> **Problem details**: Could you write out, exactly as they stand, only the lines in the listing below from the line with "We can see its" to the line with "In this masterclass", both ends included, without the pictures?
--- Records supplied Enclosed Below ---
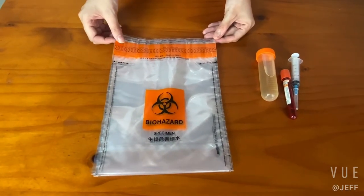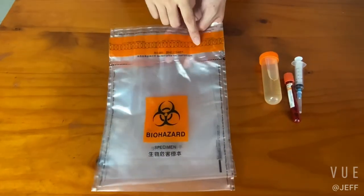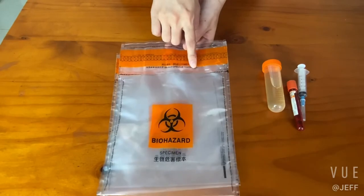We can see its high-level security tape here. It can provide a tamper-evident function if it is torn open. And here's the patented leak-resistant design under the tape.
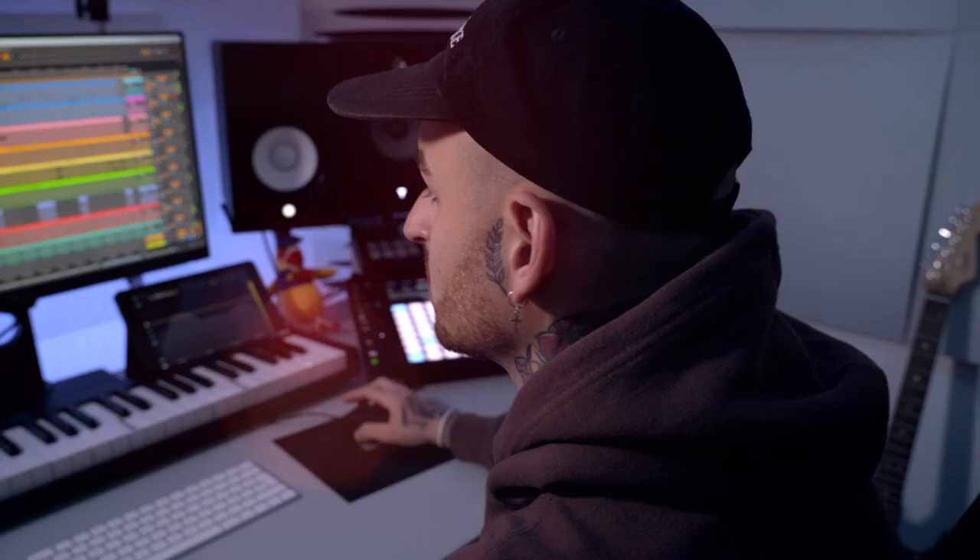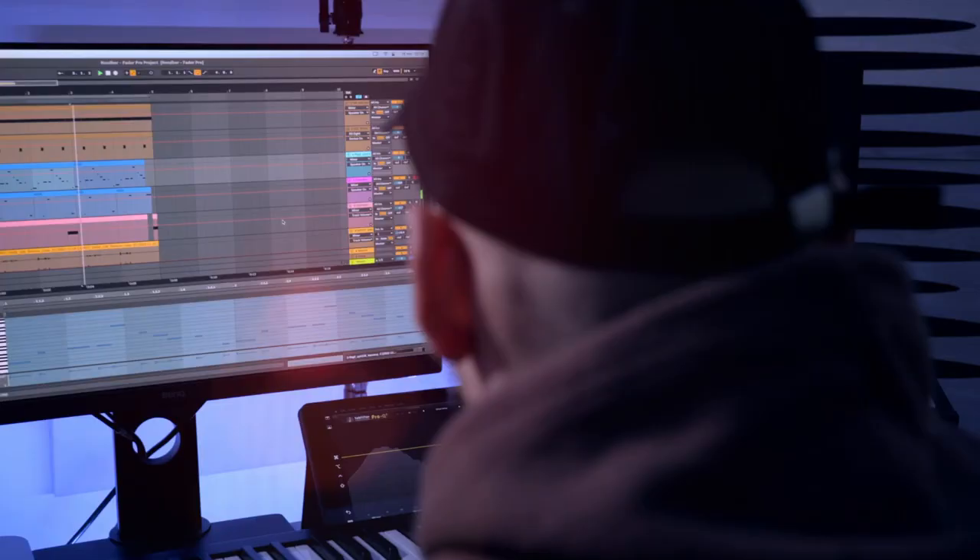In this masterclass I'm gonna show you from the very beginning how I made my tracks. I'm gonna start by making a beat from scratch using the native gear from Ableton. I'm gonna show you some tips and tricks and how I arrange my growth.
--- End of Enclosed Records supplied ---
--- Records supplied Enclosed Below ---
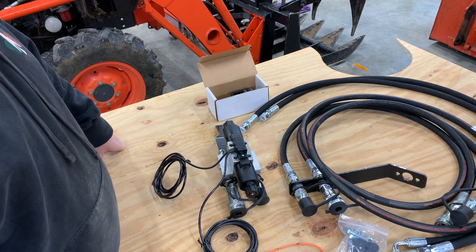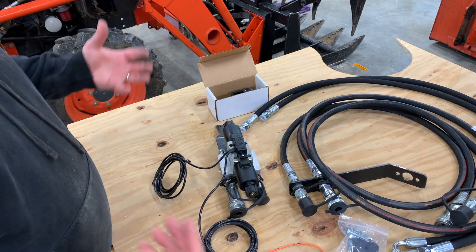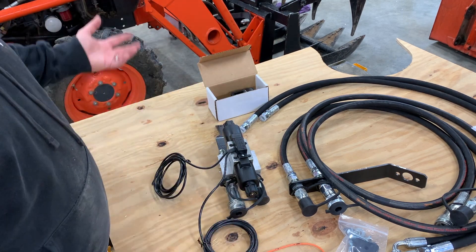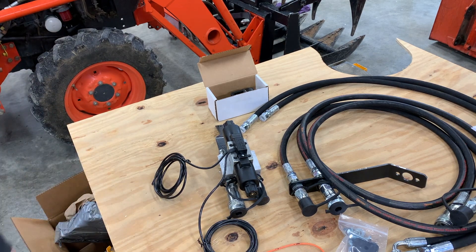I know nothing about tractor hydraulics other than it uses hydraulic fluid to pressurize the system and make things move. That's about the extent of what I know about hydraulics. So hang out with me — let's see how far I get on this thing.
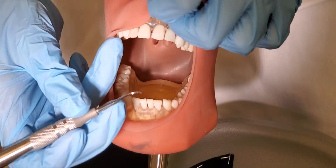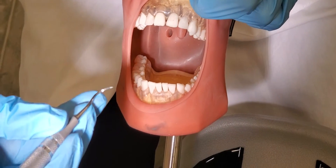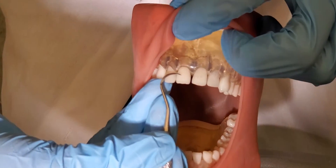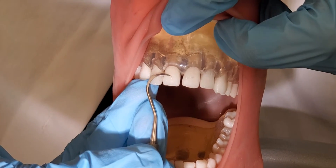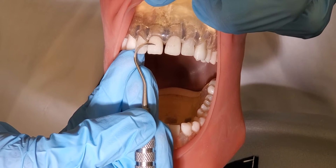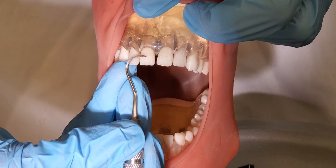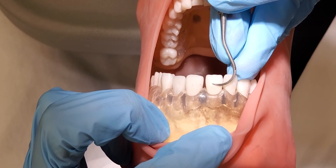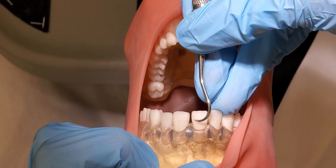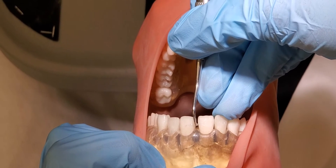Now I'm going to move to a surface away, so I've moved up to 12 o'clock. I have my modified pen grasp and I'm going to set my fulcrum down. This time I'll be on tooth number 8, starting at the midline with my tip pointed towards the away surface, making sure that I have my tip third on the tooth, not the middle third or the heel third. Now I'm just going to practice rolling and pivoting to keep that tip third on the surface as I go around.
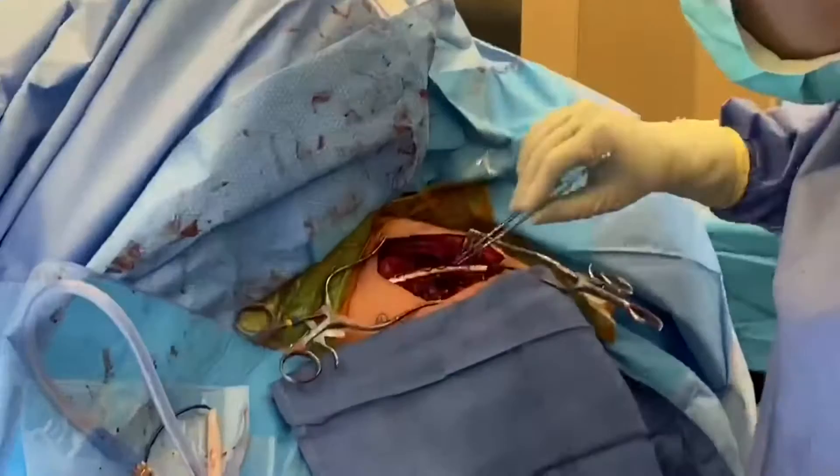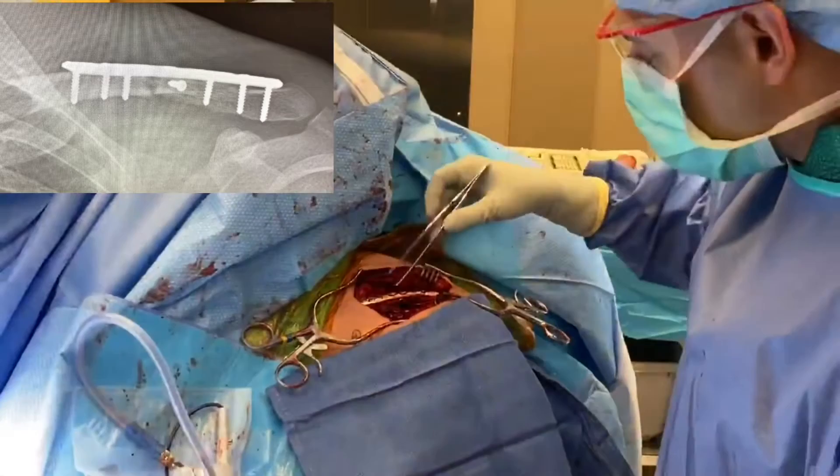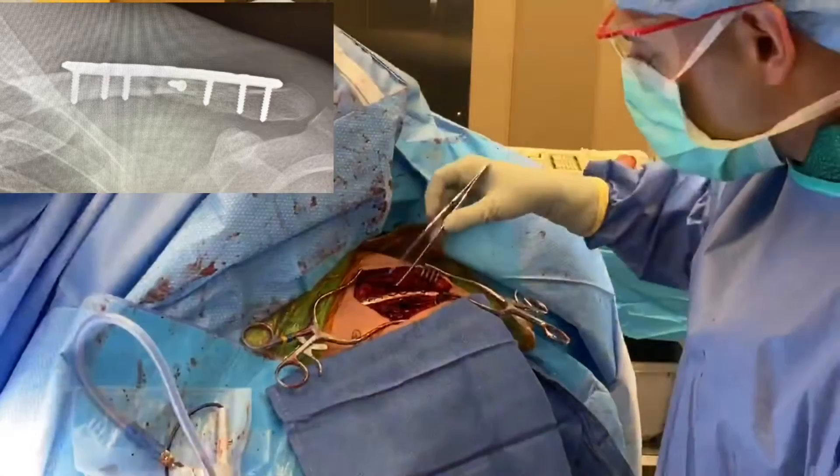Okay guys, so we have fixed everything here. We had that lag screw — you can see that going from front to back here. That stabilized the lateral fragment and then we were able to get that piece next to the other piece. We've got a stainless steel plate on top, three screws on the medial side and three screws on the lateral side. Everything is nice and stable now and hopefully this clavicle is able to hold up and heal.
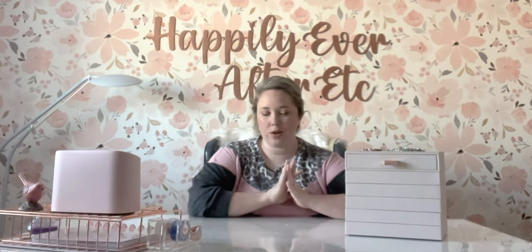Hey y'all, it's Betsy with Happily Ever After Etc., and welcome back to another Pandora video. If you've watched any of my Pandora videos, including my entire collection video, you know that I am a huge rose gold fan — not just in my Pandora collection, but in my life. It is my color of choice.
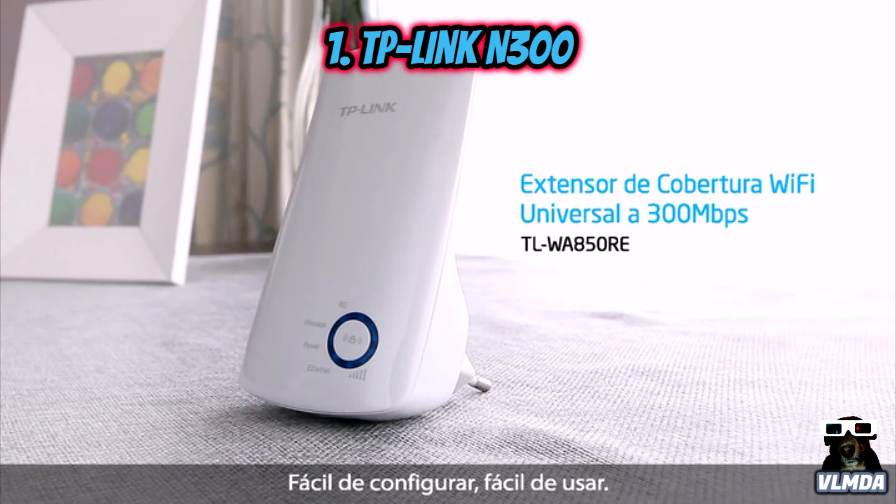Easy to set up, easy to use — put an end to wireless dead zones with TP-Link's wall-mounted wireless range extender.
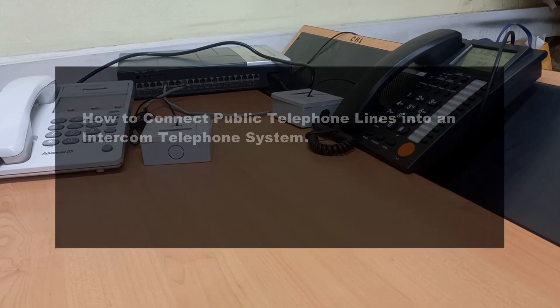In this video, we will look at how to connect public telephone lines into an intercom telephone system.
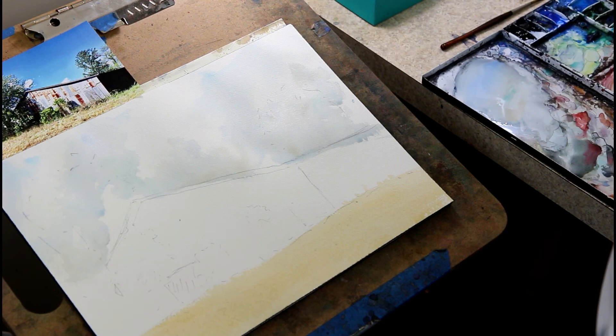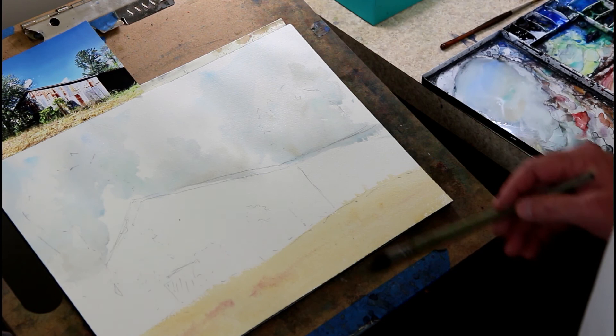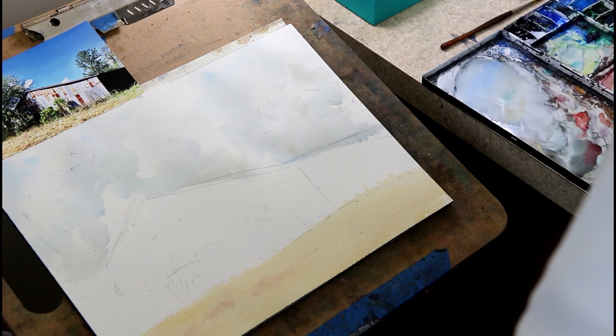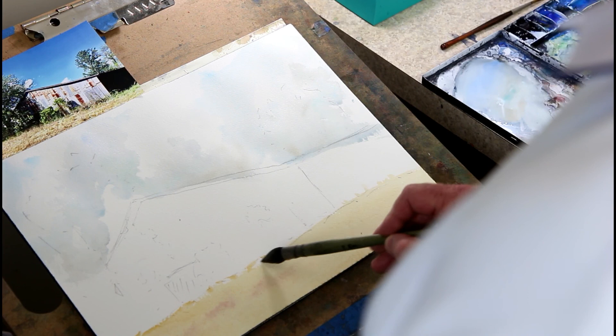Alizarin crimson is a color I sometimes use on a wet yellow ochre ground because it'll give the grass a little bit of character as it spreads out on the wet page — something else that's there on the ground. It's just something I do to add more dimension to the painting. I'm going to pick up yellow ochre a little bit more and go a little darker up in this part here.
--- End of Enclosed Records supplied ---
> **Task result**:
We can see its high-level security tape here. It can provide a tamper-evident function if it is torn open. And here's the patented leak-resistant design under the tape.
In this masterclass I'm gonna show you from the very beginning how I made my tracks. I'm gonna start by making a beat from scratch using the native gear from Ableton. I'm gonna show you some tips and tricks and how I arrange my growth.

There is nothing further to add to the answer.